Task description: What you return should be only the lines starting at the one that contains "HS 429 Apto" and running to the end of the listing, exactly as written, minus any pictures.

Given records:
──────
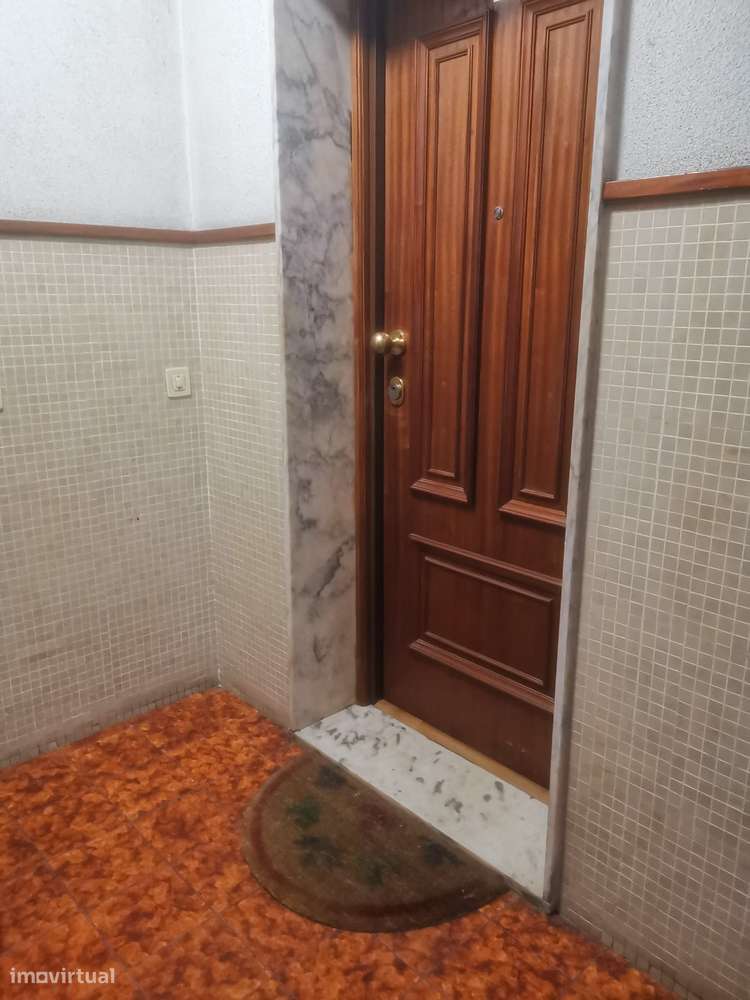 T2 com varanda, elevador e vista urbana - Cidade da Maia-8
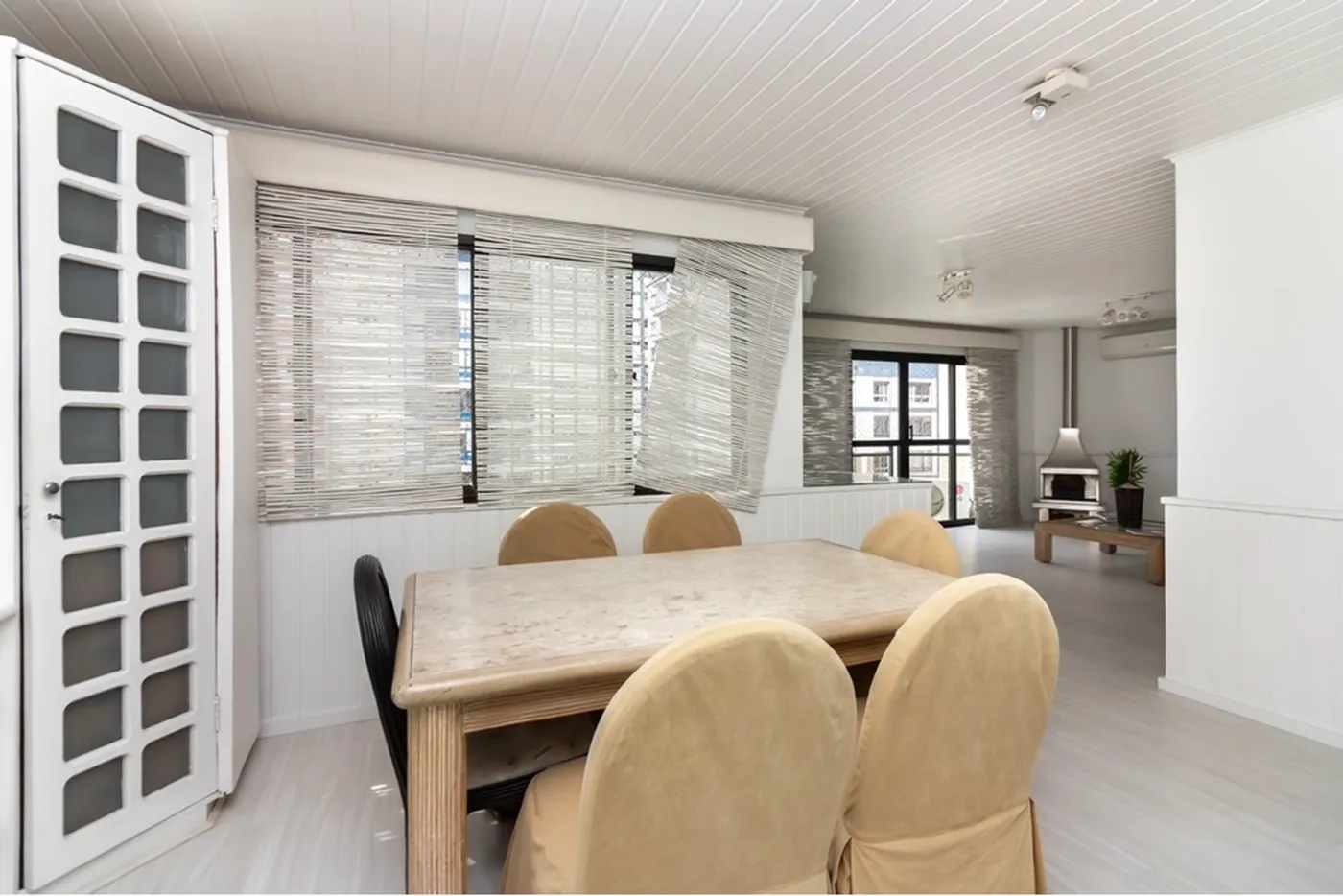 HS 429 Apto 601081048-34 - REMAX Lepex Exclusividades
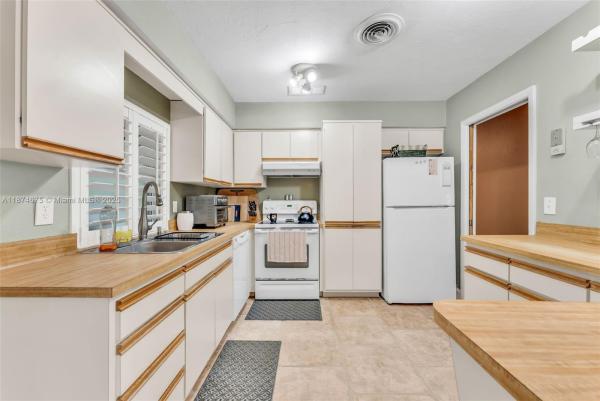 Palmetto Country Club Estates, 9730 SW 159th St, Palmetto Estates, Florida 33157, image 2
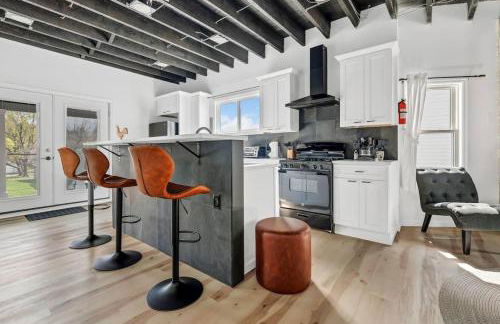 Cool Urban Stay Downtown Loft - Photo 1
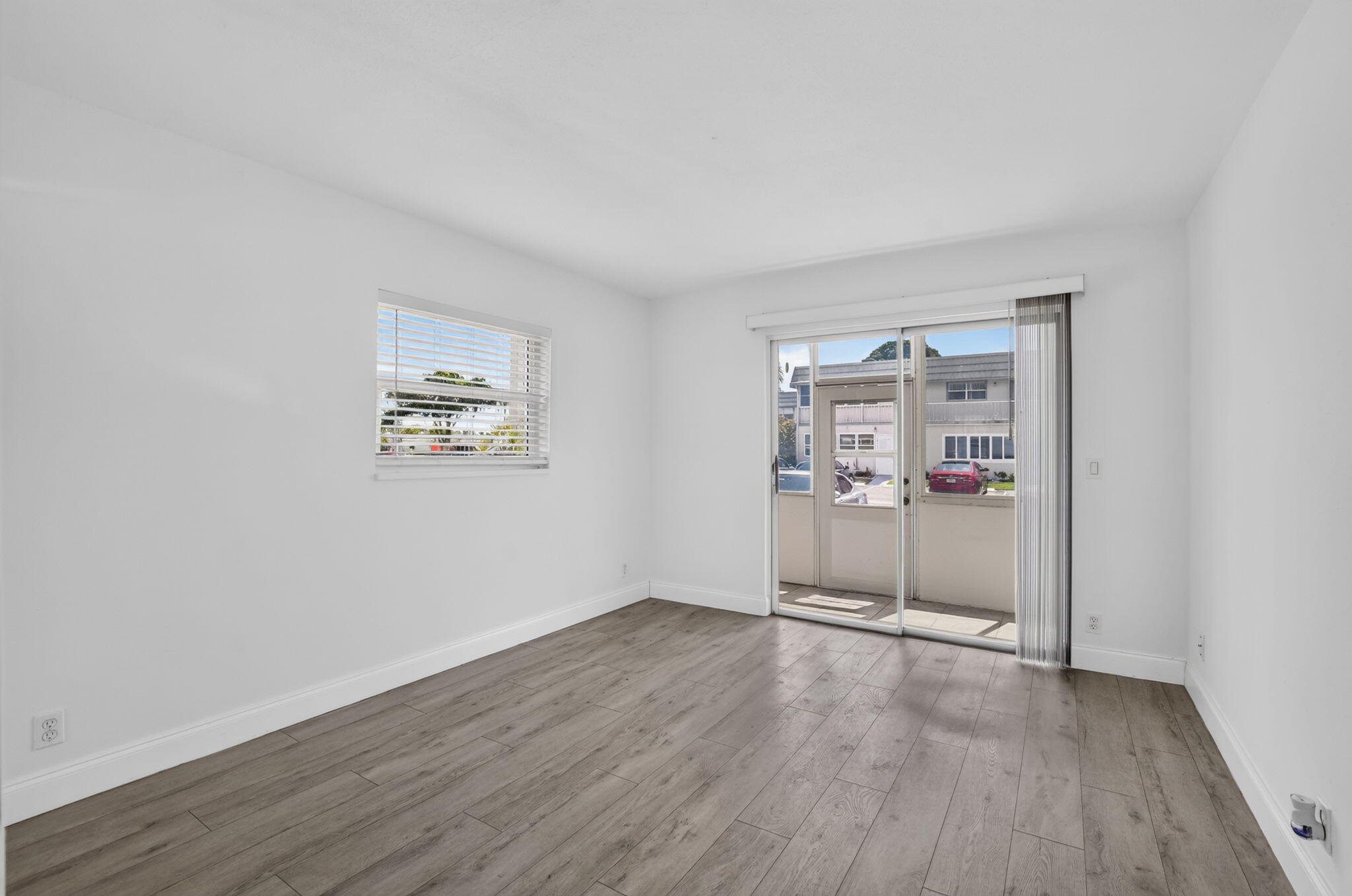 212 Monaco E Property Photo 22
──────
Response to the task:
 HS 429 Apto 601081048-34 - REMAX Lepex Exclusividades
 Palmetto Country Club Estates, 9730 SW 159th St, Palmetto Estates, Florida 33157, image 2
 Cool Urban Stay Downtown Loft - Photo 1
 212 Monaco E Property Photo 22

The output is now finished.